#### Material to process

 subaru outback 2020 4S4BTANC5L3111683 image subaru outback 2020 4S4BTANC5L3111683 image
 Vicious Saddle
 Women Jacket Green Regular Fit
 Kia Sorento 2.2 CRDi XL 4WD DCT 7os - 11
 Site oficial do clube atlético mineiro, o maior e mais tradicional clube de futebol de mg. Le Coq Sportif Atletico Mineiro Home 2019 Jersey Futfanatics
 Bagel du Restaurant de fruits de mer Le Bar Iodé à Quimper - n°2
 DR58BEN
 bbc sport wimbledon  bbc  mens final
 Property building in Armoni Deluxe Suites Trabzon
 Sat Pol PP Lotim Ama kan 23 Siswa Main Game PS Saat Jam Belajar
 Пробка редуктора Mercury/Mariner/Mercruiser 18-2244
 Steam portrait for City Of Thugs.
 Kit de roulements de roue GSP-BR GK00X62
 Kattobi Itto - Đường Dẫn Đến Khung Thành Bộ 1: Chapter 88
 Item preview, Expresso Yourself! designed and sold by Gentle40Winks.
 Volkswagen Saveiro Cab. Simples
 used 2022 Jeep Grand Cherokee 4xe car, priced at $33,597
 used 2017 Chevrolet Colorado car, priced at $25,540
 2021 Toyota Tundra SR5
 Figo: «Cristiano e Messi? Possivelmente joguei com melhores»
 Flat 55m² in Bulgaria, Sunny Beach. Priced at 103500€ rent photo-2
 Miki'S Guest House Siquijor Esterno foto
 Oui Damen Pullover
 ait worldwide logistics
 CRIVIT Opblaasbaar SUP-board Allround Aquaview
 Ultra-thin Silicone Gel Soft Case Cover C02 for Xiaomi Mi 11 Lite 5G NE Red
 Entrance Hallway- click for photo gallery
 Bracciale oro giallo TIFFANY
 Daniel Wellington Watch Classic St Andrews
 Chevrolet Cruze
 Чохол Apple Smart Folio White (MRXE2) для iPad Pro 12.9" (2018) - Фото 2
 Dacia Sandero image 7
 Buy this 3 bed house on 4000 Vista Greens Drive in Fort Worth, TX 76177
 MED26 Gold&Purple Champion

#### Task to complete
Above are the records; print exactly the lines from the line with "Sat Pol PP Lotim" to the line with "2021 Toyota Tundra SR5", including both, and nothing else.

#### Exercise solution
 Sat Pol PP Lotim Ama kan 23 Siswa Main Game PS Saat Jam Belajar
 Пробка редуктора Mercury/Mariner/Mercruiser 18-2244
 Steam portrait for City Of Thugs.
 Kit de roulements de roue GSP-BR GK00X62
 Kattobi Itto - Đường Dẫn Đến Khung Thành Bộ 1: Chapter 88
 Item preview, Expresso Yourself! designed and sold by Gentle40Winks.
 Volkswagen Saveiro Cab. Simples
 used 2022 Jeep Grand Cherokee 4xe car, priced at $33,597
 used 2017 Chevrolet Colorado car, priced at $25,540
 2021 Toyota Tundra SR5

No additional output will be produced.